Hart of the Matter
From next Friday you’ll be able to take a careful look at the latest plans for traffic management in and around Haverhill town centre – what we blithely call ‘pedestrianisation’.
Suffolk County Council and St Edmundsbury Borough Council are mounting a display in the arts centre for public consultation – the county because it is responsible for highways and traffic management, and the borough because it has £750,000 available for the cosmetic side of the project, which means paving, trees, street furniture, etc.
I’ve had a sneak preview of the proposals and, in essence, they are much the same as those brought forward last year, at the time the Quaker’s Lane scheme was ditched, and bringing in the new idea of closing off the Swan Lane crossing altogether.
They look nice in the virtual state of artists’ impressions and plans, with the new High Street appearing to be a very pleasant environment from the unlikely viewpoint of a helicopter hovering above Queen Street, if slightly less so at ground level.
Nevertheless, artists’ impressions do not stretch as far as the effect on other roads around the edge of the improved area, where a variety of issues are raised.
What will Crowland Road be like when it has to take a good percentage of the cross-town traffic now prevented from using Swan Lane? Two options are given to ameliorate the obvious congestion which would arise at present, either a one-way system or a ban on all parking towards the Withersfield Road end.
The latter would not, I think, be greeted with enthusiasm by people who live there and have nowhere else to park. A Machiavellian engineer or politician might have thought of closing the nearby health centre which sits on a good-sized parking area behind these houses, but let us not go there.
The one-way idea, which would be from Withersfield Road towards Camps Road, is the more likely, but it closes off that route around the town for everyone from the south side, pushing them all round Clements Lane, Duddery Hill and Mount Road.
The point that this would include ambulances from their base in Camps Road has been made, but I believe they generally sit out of town a lot of the time anyway nowadays, so that may not be as pertinent as it used to be.
At the other end of town there are also some issues to sort out. Anyone from the north side of town wanting to access any properties in the upper half of High Street will now be likely to use Hamlet Road and, at the risk of repeating myself, this road is probably going to be serving another 90 homes on the site of the old Hamlet Croft football ground.
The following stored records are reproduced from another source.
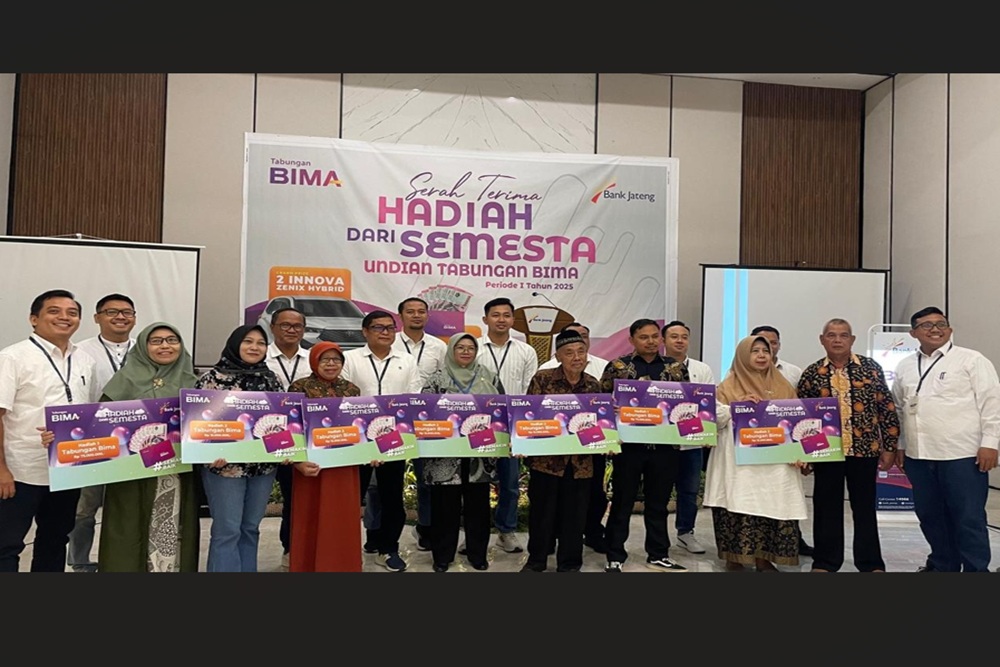 Bank Jateng Blora Serahkan Hadiah Tabungan Bima
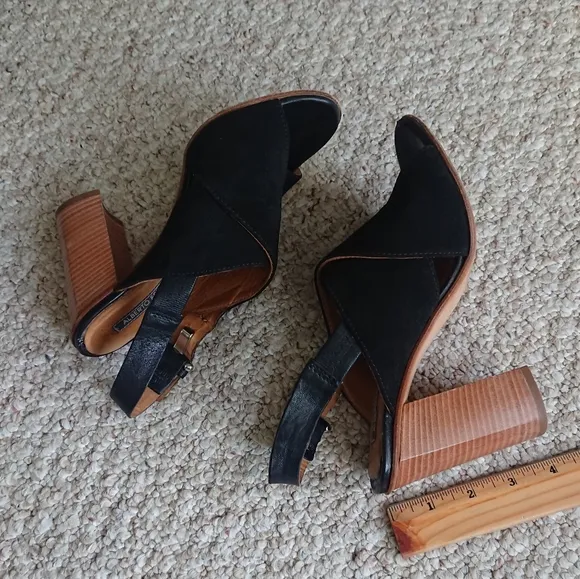 Alberto Fermani Black suede Leather Heels size 37
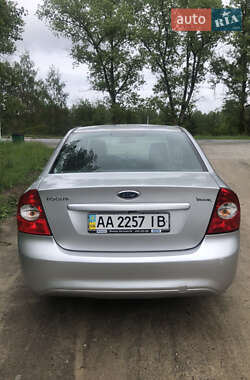 Седан Ford Focus 2008 в 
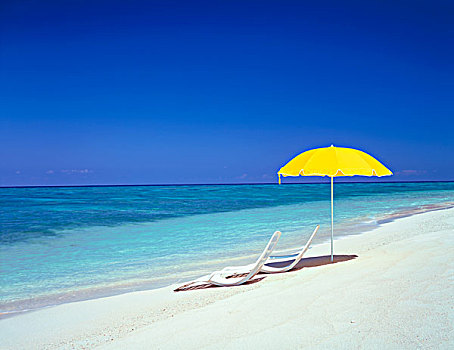 沙滩伞,海洋,蓝天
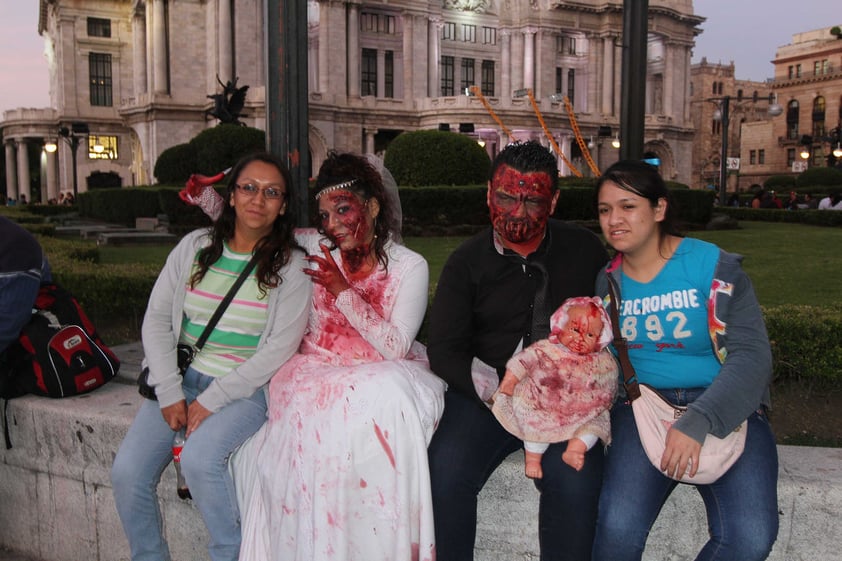 Aquellos pequeños zombies con sus ropas rasgadas paseaban junto con sus padres para tomarse foto con aquellos adultos que vestían como otros personajes de terror: momias, cadáveres, centauros, novias muertas, soldados cazazombies, superhéroes, payasos y muertos vivientes.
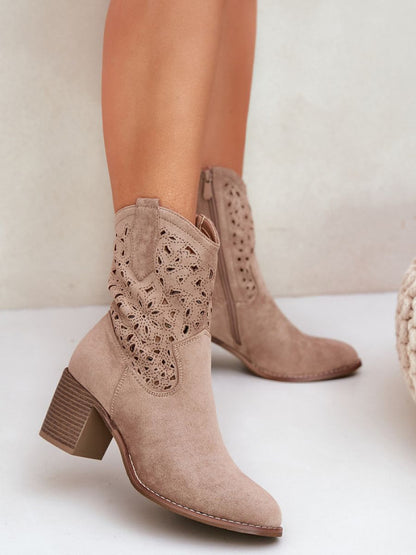 Botine cu toc Step in style, Model 209416, Bej - material piele artificiala piele  Footbed imitație de piele  Înălţimea carâmbului 17 cm Înălţimea tocului 7 cm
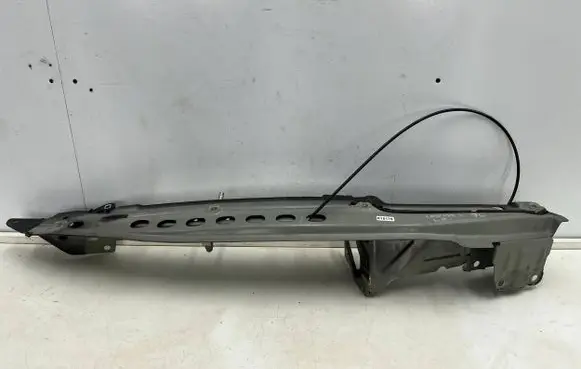 Porsche Cayenne (9PA) Fender mounting bracket 7l5805175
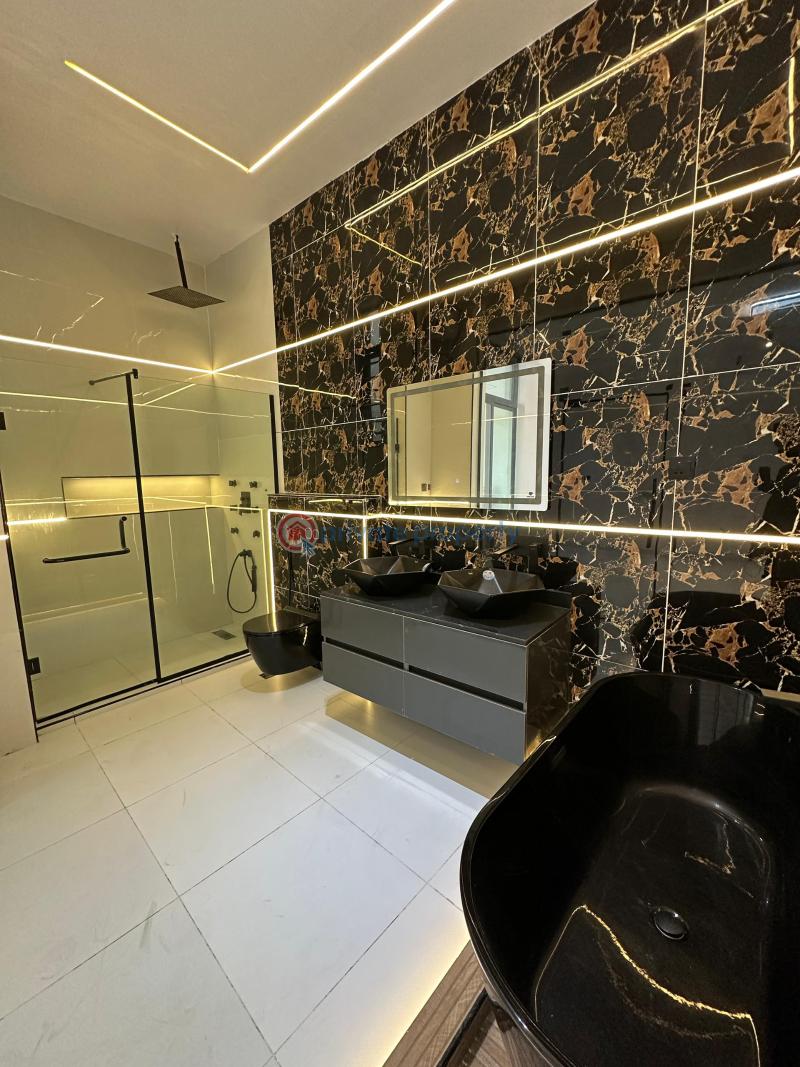 5 bedroom Detached Duplex For Sale Orchid Road, Lekki Lagos - 8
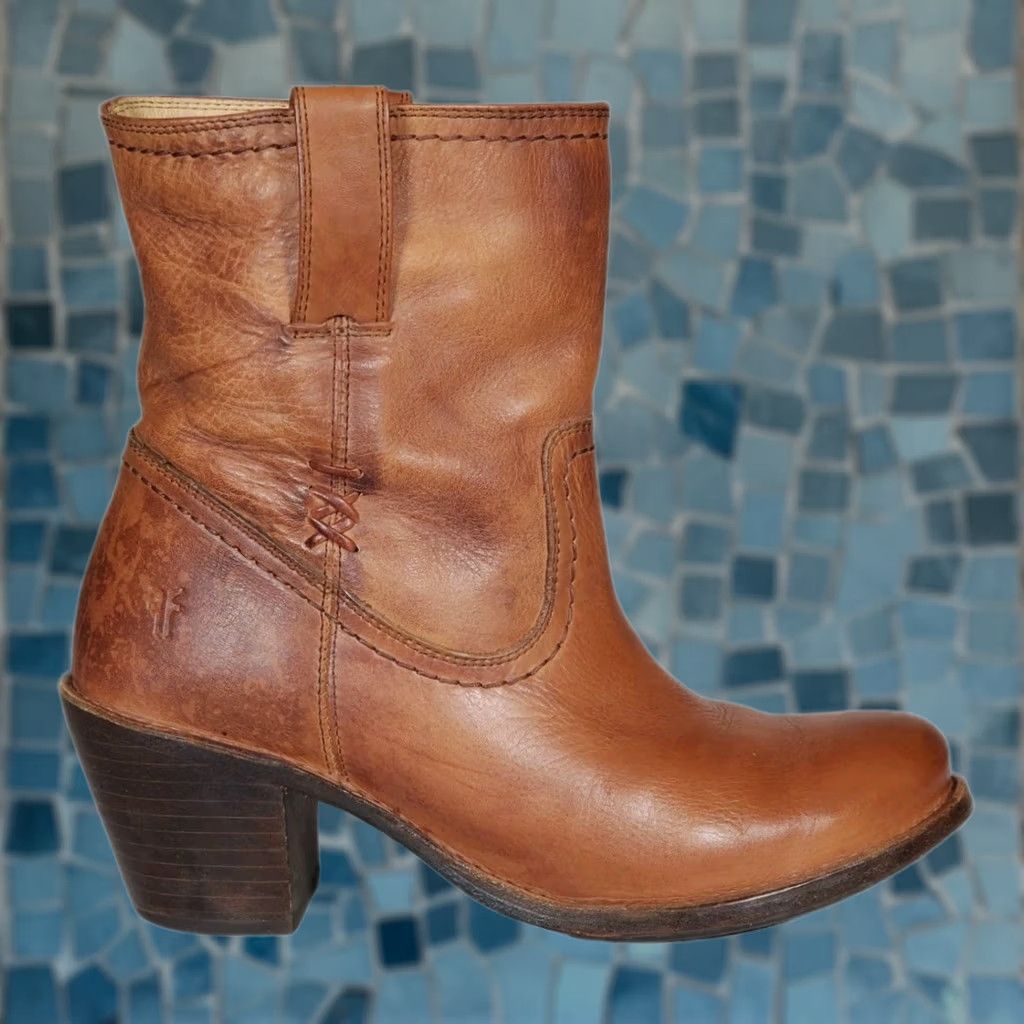 Frye Frey e Carmen X Stitch Short Boots Saddle Brown Leather 76203 Women's US 8 B Boots Size 30" / US 8 / IT 44 - 1 Thumbnail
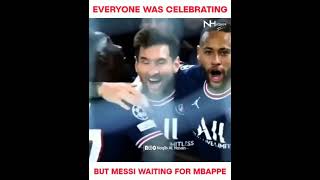 Messi is waiting for mbappe to celebrate his first goal at psg 🔥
This project needs to be factored into the scheme.
That traffic will be competing around the Duddery Hill and Mount Road junctions with all the traffic coming down Duddery Hill, including new traffic now unable to use Crowland Road. That area is a bottleneck at the best of times. It only needs one lorry or one inconsiderately parked car to cause a big tailback.
Talking of tailbacks, access into and out of Swan Lane for Argos car park (can’t really call it Peacocks any more until we know what is happening to that store), will be controlled by traffic lights on a user-activated system.
It will be interesting to see the effect that has on the Tesco roundabout and Cangle junction complex. The rarely-used traffic light pedestrian crossing for Tesco already has the ability to cause a considerable tailback in Wratting Road and even Withersfield Road.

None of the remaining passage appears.